It took a long time to get rid of the History Department snobbery concerning biography but in time I have come to realize that an individual person is one of the best angles available for getting an informative look on an era. This notwithstanding all those well known and legitimate enough reservations - you probably can never really capture an individual experience and so all text will inevitably be misleading and inaccurate thus often raising subjectivity to a second degree. So there is no straight line from an individual life to its cultural and temporal context, but then there is none available for any kind of historical study - which is not only a loss, but sometimes a significant gain.
I am currently in the middle of Antonia Fraser's life of Marie Antoinette, which is competent enough, I'm sure at places even a brilliant case for the defence though her approach has never been greatly to my taste. There is one player permanently out of the scene, namely the 99% of French society whose appearance would perhaps go a long distance in explaining the personal tragedy of this largely blameless but very foolish person. Of course, I have in any case very little sympathy for the aristocracy of the ancien regimé, those decadent painted dolls that, yes, were more a concequence than the cause of the universal awfulness and injustice of the time - but other contemporary tragedies were even worse and unimaginably more numerous.
Anyway, this book surely is the one Sophie Coppola read. When her film came out it didn't receive a very warm welcome from the critics. I suppose the general verdict was that it had some style but no substance and gravitas which it should have had given its famous and portentous historical context. Well, I thought it was brilliant. I have some difficulties in seeing film as a great art form, but it surely best achieves greatness when it gets the form right, never mind the content (as far as we can meaningfully make the distinction, which is mostly not very far).
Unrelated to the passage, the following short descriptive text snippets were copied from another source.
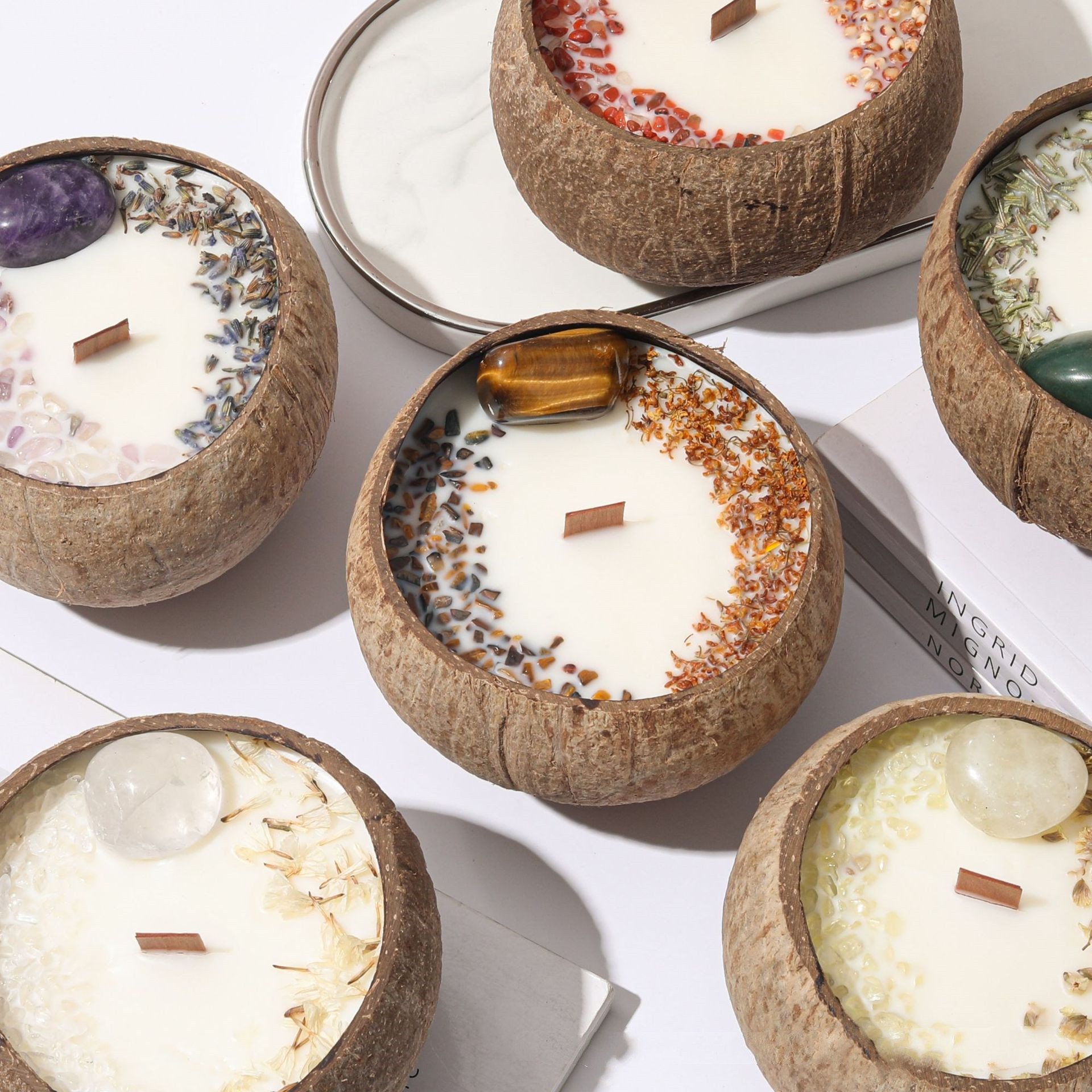Luxury Coconut Bowl Vessels Jar Soy Wax Wood Wick Crystal Dried Flower Scented Candles
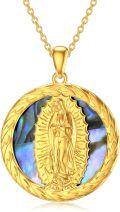 wholesale TOUPOP Virgin Mary Necklace For Women Protection Necklace Religion Necklace Gift For Women Abalone Shell Pendant Necklace For Wife Sister Friend Daugther Birthday Mothers Day Christmas Gift -0-0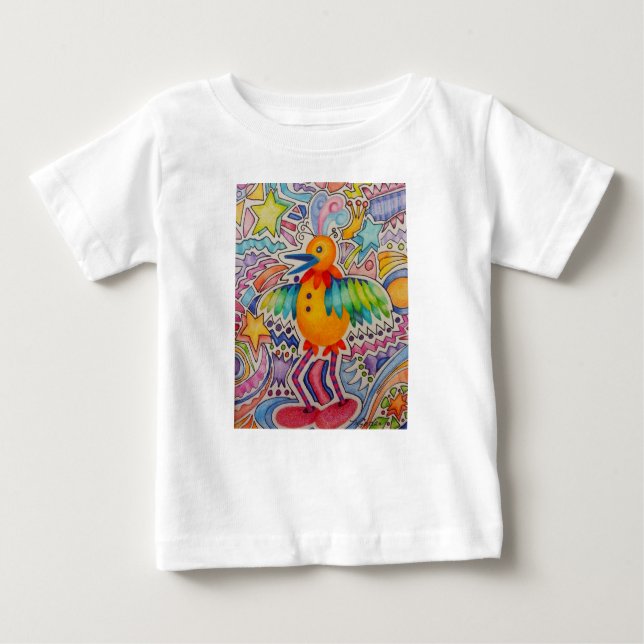T-shirt Pour Bébé Big Yellow Bird (Devant)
That is how my sense of esthetics works: form can be the substance, a frivolous approach can lead to a great virtuosity of skill and thus also to deep meaningfullness.
In the film this strange era is approached from a very eccentric, unreal angle (which is also how the study of history fundamentally works, even if the academia is never as free as art, odd how ashamed historians are of their craft's near relatives...) - and illuminated in a very understated way. It is a very stylish film and thus a very good film. The famous shot of the pair of Nike runners among Marie Antoinette's shoe collection was not frivolous postmodernism for me but a striking statement about our universal experience of being in time (not to mention some more obvious similarities between two epochs of decadence and over concumption). This is to overstate the case, but overstatement is surely a legitimate reading here. An excellent film indeed, unique almost in its capability to express with a sophisticated, light touch certain aspects of history that academic research would have great difficulties in expressing.